Agar setiap orang mengetahuinya, memerintahkan pengundangan Undang-Undang ini dengan 
penempatannya dalam Lembaran Negara Republik Indonesia. 
Disahkan di Jakarta 
pada tanggal 21 April 2008 
PRESIDEN REPUBLIK INDONESIA, 
DR. H. SUSILO BAMBANG YUDHOYONO 
Diundangkan di Jakarta 
pada tanggal 21 April 2008 
MENTERI HUKUM DAN HAK ASASI MANUSIA 
REPUBLIK INDONESIA, 
ANDI MATTALATA 
LEMBARAN NEGARA REPUBLIK INDONESIA TAHUN 2008 NOMOR 58 
14
PENJELASAN 
ATAS 
UNDANG-UNDANG REPUBLIK INDONESIA 
NOMOR 11 TAHUN 2008 
TENTANG 
INFORMASI DAN TRANSAKSI ELEKTRONIK 
I. UMUM 
Pemanfaatan Teknologi Informasi, media, dan komunikasi telah mengubah baik perilaku masyarakat 
maupun peradaban manusia secara global. 
Perkembangan teknologi informasi dan komunikasi telah pula menyebabkan hubungan dunia menjadi 
tanpa batas (borderless) dan menyebabkan perubahan sosial, ekonomi, dan budaya secara signifikan 
berlangsung demikian cepat.

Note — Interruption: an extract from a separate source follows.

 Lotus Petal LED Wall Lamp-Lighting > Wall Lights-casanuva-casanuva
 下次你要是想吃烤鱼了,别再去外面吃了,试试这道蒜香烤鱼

Teknologi Informasi saat ini menjadi pedang bermata dua karena selain 
memberikan kontribusi bagi peningkatan kesejahteraan, kemajuan, dan peradaban manusia, sekaligus 
menjadi sarana efektif perbuatan melawan hukum. 
Saat ini telah lahir suatu rezim hukum baru yang dikenal dengan hukum siber atau hukum telematika. 
Hukum siber atau cyber law, secara internasional digunakan untuk istilah hukum yang terkait dengan 
pemanfaatan teknologi informasi dan komunikasi. Demikian pula, hukum telematika yang merupakan 
perwujudan dari konvergensi hukum telekomunikasi, hukum media, dan hukum informatika. Istilah lain 
yang juga digunakan adalah hukum teknologi informasi (law of information technology), hukum dunia 
maya (virtual world law), dan hukum mayantara. 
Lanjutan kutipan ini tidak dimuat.